Simulation of Coherent Electron Cooling for High-Intensity Hadron Colliders

D.L. Bruhwiler, G.I. Bell, A.V. Sobol
Tech-X, Boulder, Colorado
I. Ben-Zvi, V. Litvinenko
BNL, Upton, Long Island, New York
Y.S. Derbenev
Jefferson Lab, Newport News, Virginia

Novel electron-hadron collider concepts are a long-term priority for the international nuclear physics community. Effective beam cooling for intense, relativistic hadron beams will be necessary to obtain the orders-of-magnitude higher luminosities being proposed.
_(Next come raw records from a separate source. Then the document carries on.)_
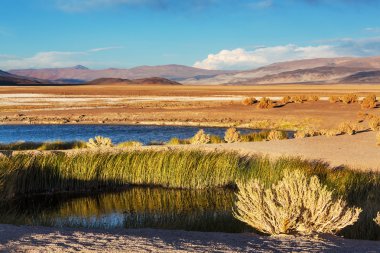 Manzara Kuzey Arjantin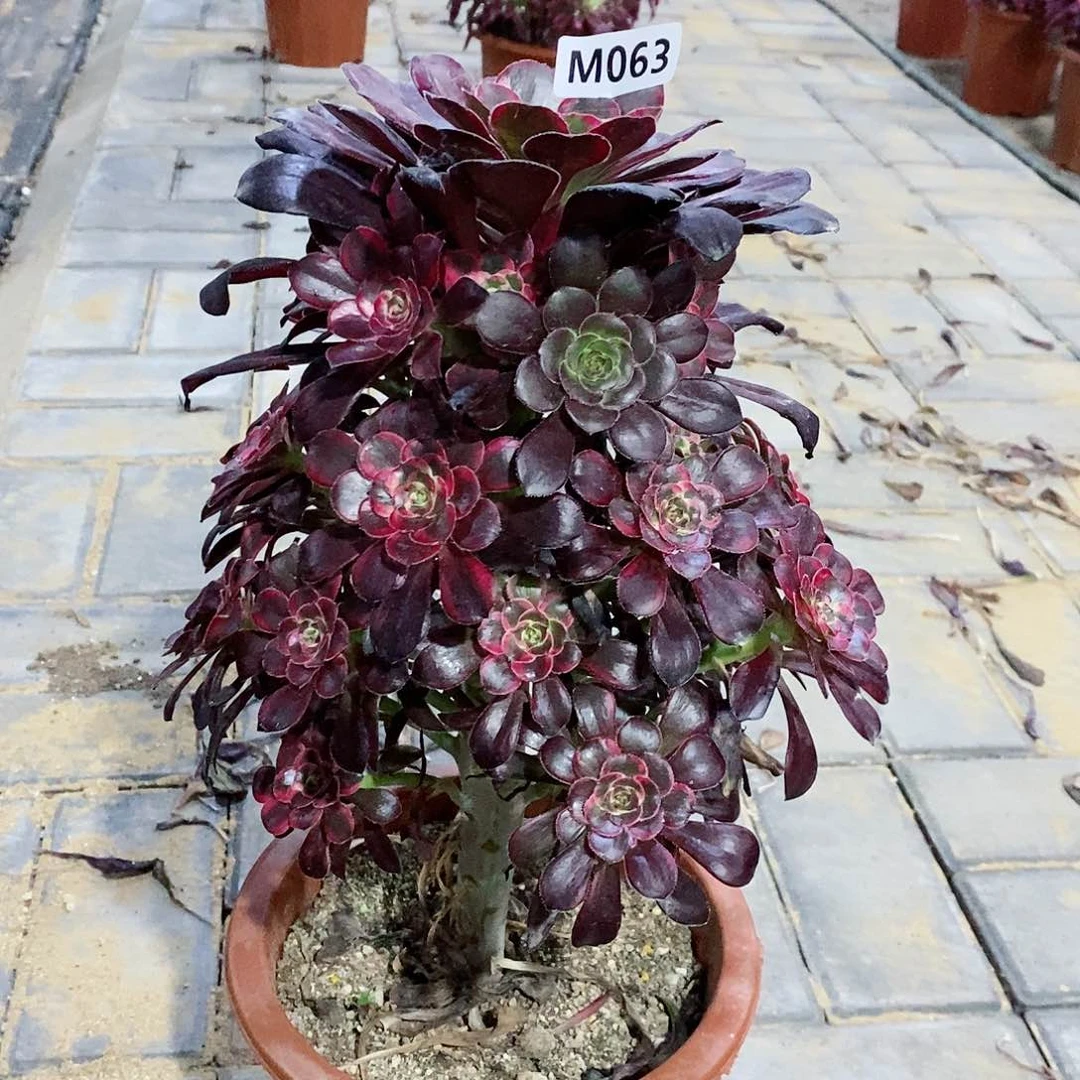 063丽娜阴阳44444444444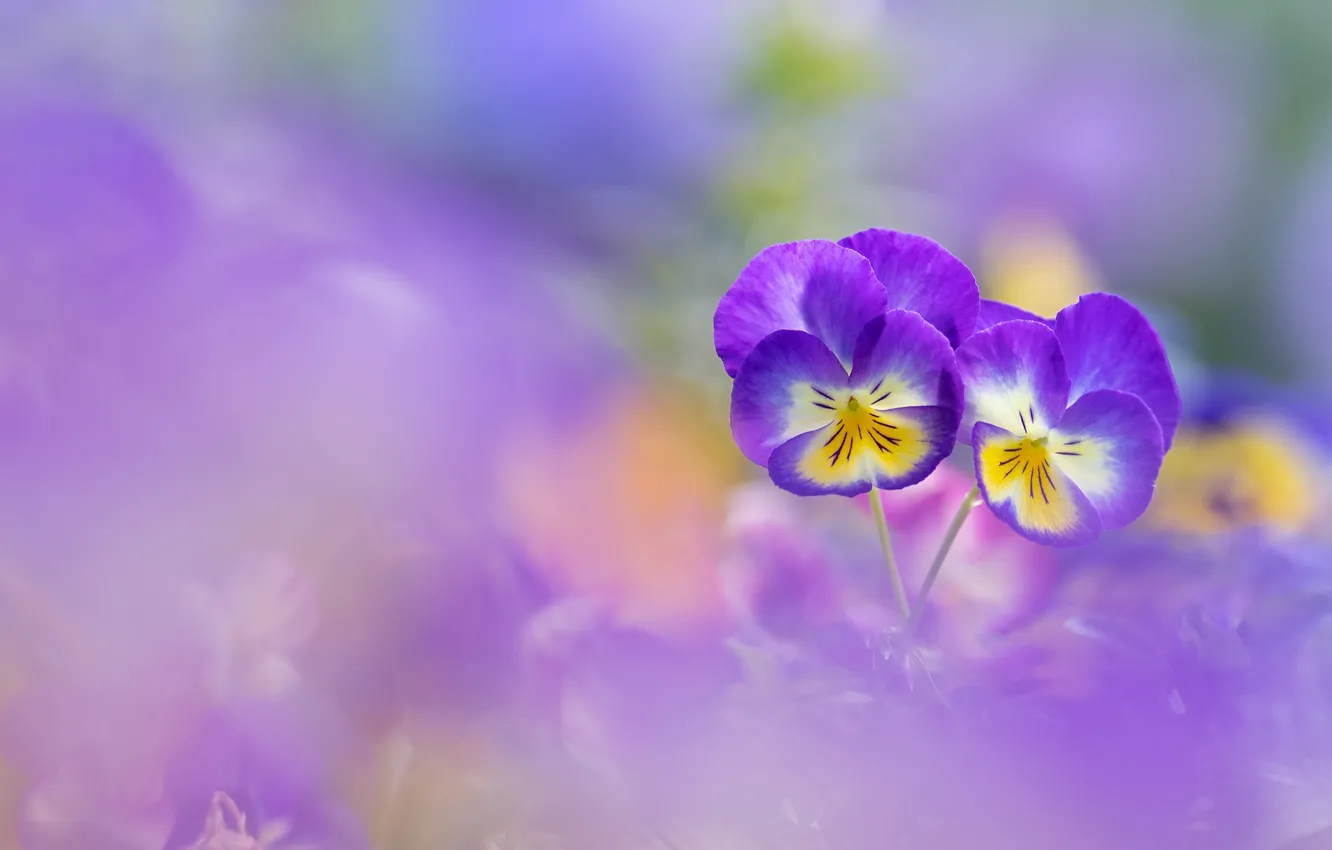 Photo wallpaper flowers, background, blur, Pansy, a couple, Duo, lilac, bokeh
Coherent electron cooling (CEC) [1] combines the best features of electron cooling and stochastic cooling, via free-electron laser technology [2], to offer the possibility of cooling high-energy hadron beams much faster. Many technical difficulties must be resolved via full-scale 3D simulations, before the CEC concept can be validated experimentally. The parallel VORPAL framework [3] is the ideal code for simulating the modulator and kicker regions, where the electron and hadron beams will co-propagate as in a conventional electron cooling section. We present initial VORPAL simulations of the electron density wake driven by single ions in the modulator section. Also, we present a plan for simulating the full modulator-amplifier-kicker dynamics, by through use of a loosely-coupled code suite including VORPAL, an FEL code and a beam dynamics code.

[1] Y.S. Derbenev, Proc. COOL07, 149 (2007).
[2] V.N. Litvinenko & Y.S. Derbenev, Proc. FEL07, 268 (2007).
[3] G.I. Bell et. al., J. Comp. Phys. (2008), in press.